Thursday, July 28, 2016

Review: The Gilded Years

Anita Hemmings has wanted to attend Vassar College ever since she was a little girl. In 1897, she is a senior who is excelling in languages and is well-liked by her classmates. This year, she is rooming with Lottie Taylor, the daughter of one of the wealthiest, most prestigious men in New York. Lottie's insistence on becoming close friends with her roommate puts Anita in a perilous position, because Anita is not the typical Vassar student. She is the only African American student at the school, but no one knows that about her. Anita is passing.

The Gilded Years is based on true events. Anita Hemmings was the first black student to graduate from Vassar College. But little is known about the inner thoughts of Anita or even what happened to her after she left the school. Karin Tanabe has a somewhat blank canvas to imagine what it was like for this young woman to pay attention every moment of every day to ensure that she separated her identity as a white student from the reality of her poor, black family back home.

Tanabe does an excellent job of creating a sense of place and time.
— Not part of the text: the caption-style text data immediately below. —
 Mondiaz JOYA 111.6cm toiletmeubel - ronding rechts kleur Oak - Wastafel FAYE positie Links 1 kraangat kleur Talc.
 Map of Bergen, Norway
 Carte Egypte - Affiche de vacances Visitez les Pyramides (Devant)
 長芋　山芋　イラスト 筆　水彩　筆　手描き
I believed that I was in the hallways of Vassar chatting about classes or visiting the grand mansions of New York City with Lottie. But I never really felt a connection with Anita herself. Perhaps it's because Anita spends so much of her life living on the periphery and trying not to be remembered, but she never seemed fully realized as a character or a person.
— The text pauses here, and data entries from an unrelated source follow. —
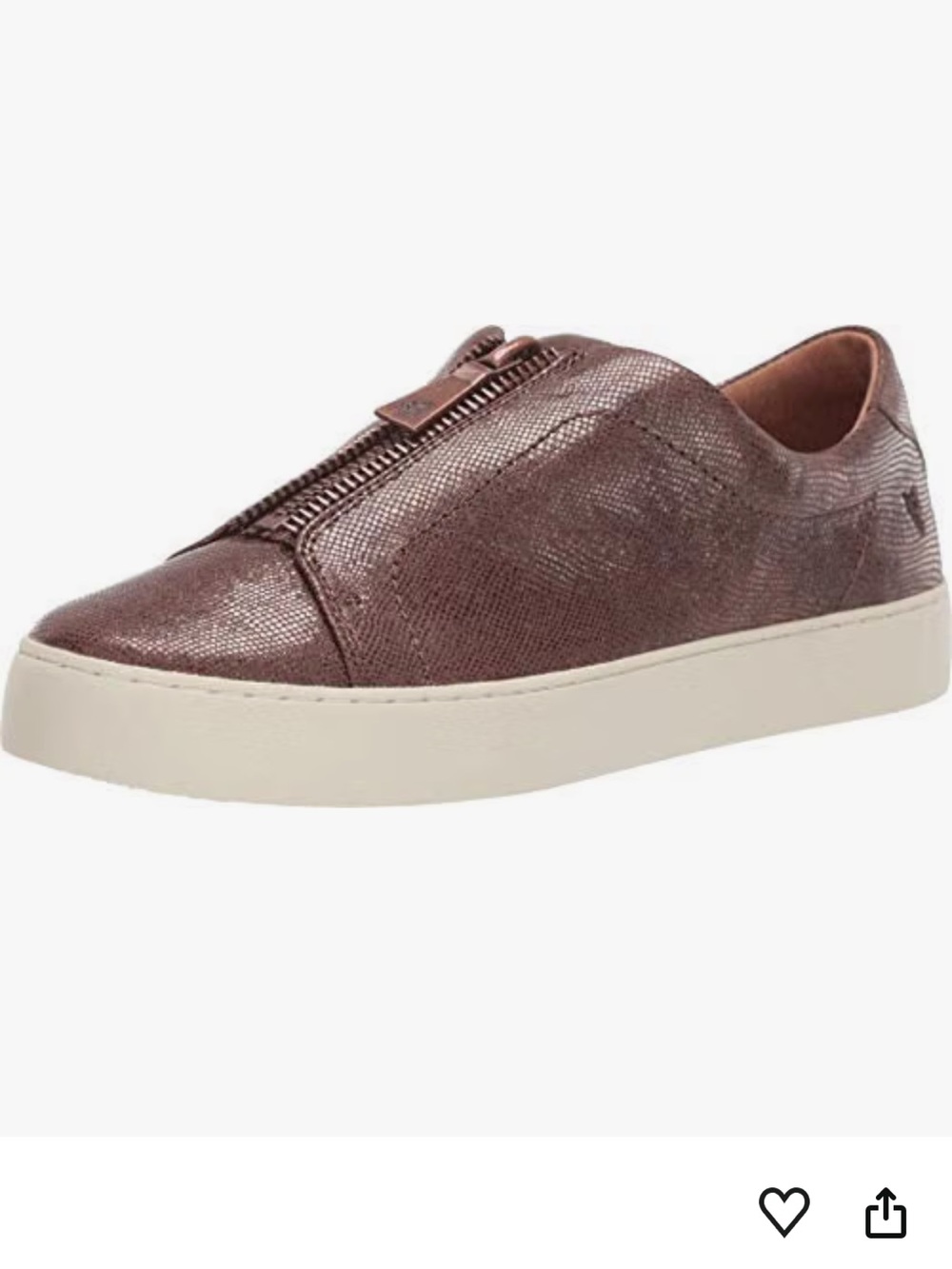 Frye Lena Zip Low Sneakers Bronze Metallic Textured Leather Slip-On Women’s 8.5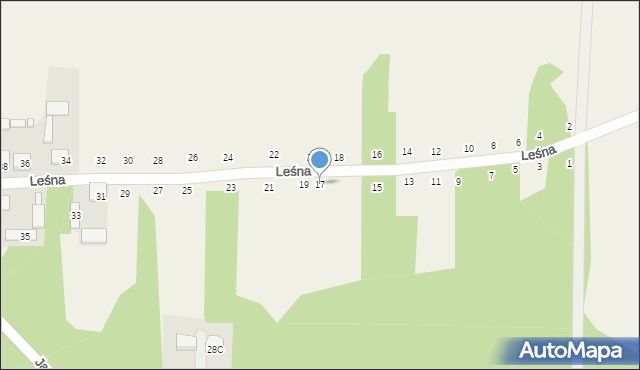 Nowy Kraszew, Leśna, 17, mapa Nowy Kraszew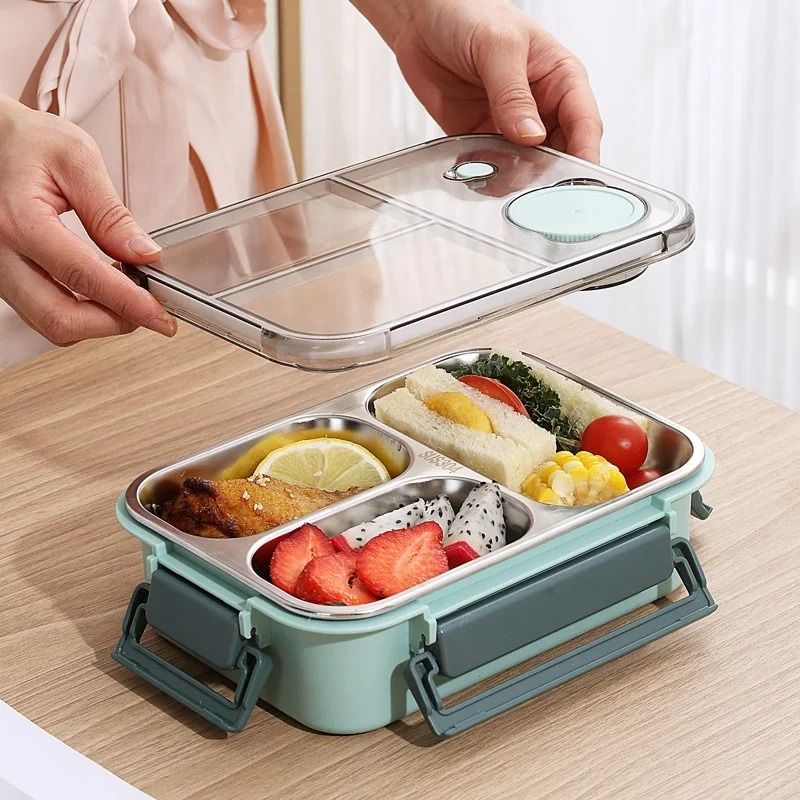 Stainless Steel Bento Lunch Box With Tableware 1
I'm glad Karin Tanabe wrote this book. It's important that we know the story of Anita Hemmings, that we understand the lengths that people had to go to in order to get an education, a job, or live in a better neighborhood. Anita didn't write her own story but, through this book, we can imagine the life of a woman who fearlessly pursued her dreams.


The Gilded Years
By Karin Tanabe
Washington Square Press June 2016
379 pages
Read via Netgalley

4 comments:

  1. Mmm...sounds interesting. But then I really like that time period. Have you ever read Passing by Nella Larsen? It kind of deals with that same issue of a woman passing as white, then meeting her childhood friend in Harlem who knows the truth about her. It's good.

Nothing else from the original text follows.